"Not Found: /406.shtml" from django - django

I'm running django with apache fcgi on a shared host. I've set it up to report 404 errors and keep seeing Not Found: /406.shtml via emails (I'm guessing the s is because it's https only). However I have error documents already set up in .htaccess:
ErrorDocument 406 /error/406.html
I was getting a bunch of similar 404 errors from django before setting up an ErrorDocument for each one, but it's still happening for 406. From a grep 406 through the apache error log I'm seeing an occasional 406 (not 404) error for 406.shtml, such as the following, but not nearly as often as django emails me:
[Fri ...] [error] [client ...]
ModSecurity: Access denied with code 406 (phase 1).
Pattern match "Mozilla ... AhrefsBot ...)" at REQUEST_HEADERS:User-Agent.
[file "/usr/local/apache/conf/mod_sec/mod_sec.hg.conf"] [line "126"]
[id "900165"]
[msg "AhrefsBot BOT Request"]
[hostname "www.myhostname.com"]
[uri "/406.shtml"]
[unique_id "..."]
I'm not even sure if this is apache redirecting internally to 406.shtml and it being forwarded on to django or if some bot is trying to find 406.shtml directly. The former seems to indicate a problem with ErrorDocument. The latter isn't really my problem, but then either I should be seeing a 404 for 406.shtml in the apache logs or nothing at all because django will handle the 404? How can I track it down further?
I haven't been able to reproduce the issue just by visiting my site, but I'd like to know what's going on.
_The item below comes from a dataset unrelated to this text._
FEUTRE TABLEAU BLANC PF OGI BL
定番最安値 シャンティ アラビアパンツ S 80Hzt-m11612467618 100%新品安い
You have ModSecurity installed in your Apache which is a WAF which attempts to protect your website from attacks, bots and the like. These, like email spam are part and parcel of running a website now a days unfortunately.
ModSecurity is an add on module to Apache which allows you to define rules and then it runs each request against those rules and decides whether to block the request or not.
In this case a rule (900165, which is defined in file "/usr/local/apache/conf/mod_sec/mod_sec.hg.con) has decided to block this request with a 406 status based on the user agent (AhrefsBot).
Ahref is a website which crawls the web trying to build up a database of links. It's used by SEO people to see who links to your websites (back links are very important to SEO) as Google (who you think would be better providers of this type of information) only give samples of links rather than full listing.
Is AhrefBot a danger and should it be blocked? Well that's a matter of opinion. Assuming it's really AhrefBot (some nefarious bots might pretend to be it so as to look legitimate so check the IP address to see the hostname it came from), then it's probably wasting your resources without doing you much good. On the other hand this is the price of an open web. Your website is available to the public and so also to those that write bots and tools (good or bad).
Why does it return a 406? Well that's how your ModSecurity and/or your rule is defined. Check your Apache config. 406 is a little unusual as would normally expect a 403 (access denied) or 500 (internal server error).
What's the 406.shtml file? That I don't get. A .shtml is a HTML file which also allows server side includes to embed other files and code into an HTML file. They are not used much any more to be honest as the likes of PHP and/or other languages are more common. It could be an attack: I.e. someone's attempting to upload the 406.shtml file and then cause it to be called so it "executes" and includes the contents of the file, potentially giving access to files Apache can see which are not available on the webserver, or the user has requested that (for some reason) or Apache is configured to show that for 406 errors or the ModSecurity rule is redirecting to that file.
Hopefully that gives a good bit of background, and best thing I can suggest is to go through your Apache config file, and any other config files it loads (including mod_sec.hg.con file which it must load) to fully understand your set up and the. Decide if you need to do anything here.
You could do one of several things:
Leave as is. ModSecurity is doing what it was told to do and blocking this with a 406
Turn off this rule and allow AhrefRef through so you don't get alerted by this.
Alter the ModSecurity config/rule to return an error other than 406 so you can ignore it
Turn off ModSecurity completely. I think it is a good tool and worthwhile but does take some time and effort to get most out of it.
Set up the 406 error page properly. To do that you need to understand why it's attempting to return 406.shtml at the moment.
Also not sure which of these options are available to you as you are on a shared host and might not have full access. If so speak to your hosting provider for advice.

Related

Django add exemption to Same Origin Policy (only for one site)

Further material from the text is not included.